Introduction
About Pulumi:
Build and ship infrastructure faster using languages you know and love. Use Pulumi’s open source SDK to provision infrastructure on any cloud, and securely and collaboratively build and manage infrastructure using Pulumi Cloud.
Why Pulumi?
To be able to develop in a programming language we love using the features of that language.
Aim of Article
To build an end to end infrastructure that will write the event
sent via http
from any application (game, e-commerce etc. can be considered) to AWS Redshift
Before we start you have to complete the following steps:
- https://www.pulumi.com/docs/clouds/aws/get-started/begin/
- https://www.pulumi.com/docs/clouds/aws/get-started/create-project/
So you will have pulumi project and stack.
Development
:memo: Note: Although I will be explaining this article on AWS, I have created a project to create a similar architecture with GCP to get the settings via yaml and I will explain it through this project.
To build a data pipeline we need to endpoint for http requests. We can create a Lambda Function or API Gateway for handling to HTTP requests.
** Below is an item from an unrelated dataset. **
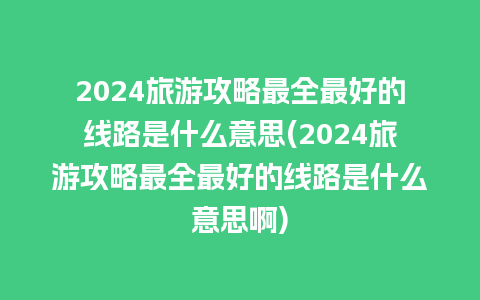 2024旅游攻略最全最好的线路是什么意思(2024旅游攻略最全最好的线路是什么意思啊)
💡 Tip: In this article we can continue with
Amazon API Gateway
because you can connect withAmazon Kinesis Firehose
directly
First we need to set up Roles via IAM:
IAM
Before creating AWS Services, we need to create roles. We can define inline and assume policy on AWS, you can find these definitions in config.yaml.
// ConfigureIAM configures the IAM role according to given values.
// You can create the multiple role.
func (a *Aws) ConfigureIAM() error {
a.roles = map[string]*iam.Role{}
for _, role := range a.config.Iam.Roles {
args := &iam.RoleArgs{
Name: pulumi.String(role.Name),
ForceDetachPolicies: pulumi.Bool(role.ForceDetachPolicies),
}
if role.AssumePolicy != "" {
args.AssumeRolePolicy = pulumi.String(role.AssumePolicy)
}
if role.InlinePolicy != "" {
args.InlinePolicies = iam.RoleInlinePolicyArray{
&iam.RoleInlinePolicyArgs{
Name: pulumi.String(fmt.Sprintf("%s-inline-role", role.Name)),
Policy: pulumi.String(role.InlinePolicy),
},
}
}
iamRole, err := iam.NewRole(a.ctx, role.Name, args)
if strings.HasPrefix(strings.ToLower(role.Name), "api_gateway") {
a.roles["apigateway"] = iamRole
} else if strings.HasPrefix(strings.ToLower(role.Name), "kinesis_firehose") {
a.roles["firehose"] = iamRole
} else if strings.HasPrefix(strings.ToLower(role.Name), "redshift_service") {
a.roles["redshift"] = iamRole
} else if strings.HasPrefix(strings.ToLower(role.Name), "lambda_firehose") {
a.roles["lambdafirehose"] = iamRole
}
if err != nil {
a.ctx.Log.Error(err.Error(), nil)
continue
}
}
return nil
}
Storage
When using Redshift, we can use S3 to put backups.
// CreateStorage created S3 according to given values
// ForceDestroy may set the false if files are important.
func (a *Aws) CreateStorage() error {
s3Bucket, err := s3.NewBucket(a.ctx, a.config.Storage.Name, &s3.BucketArgs{
Bucket: pulumi.String(a.config.Storage.Name), // "ptemplate-datapipeline-storage-redshift"
ForceDestroy: pulumi.Bool(a.config.Storage.ForceDestroy), // true
})
a.s3Bucket = s3Bucket
return err
}
DWH
In order to create a Redshift
cluster, we need to assign parameters like below. You can find sample values via config.yaml.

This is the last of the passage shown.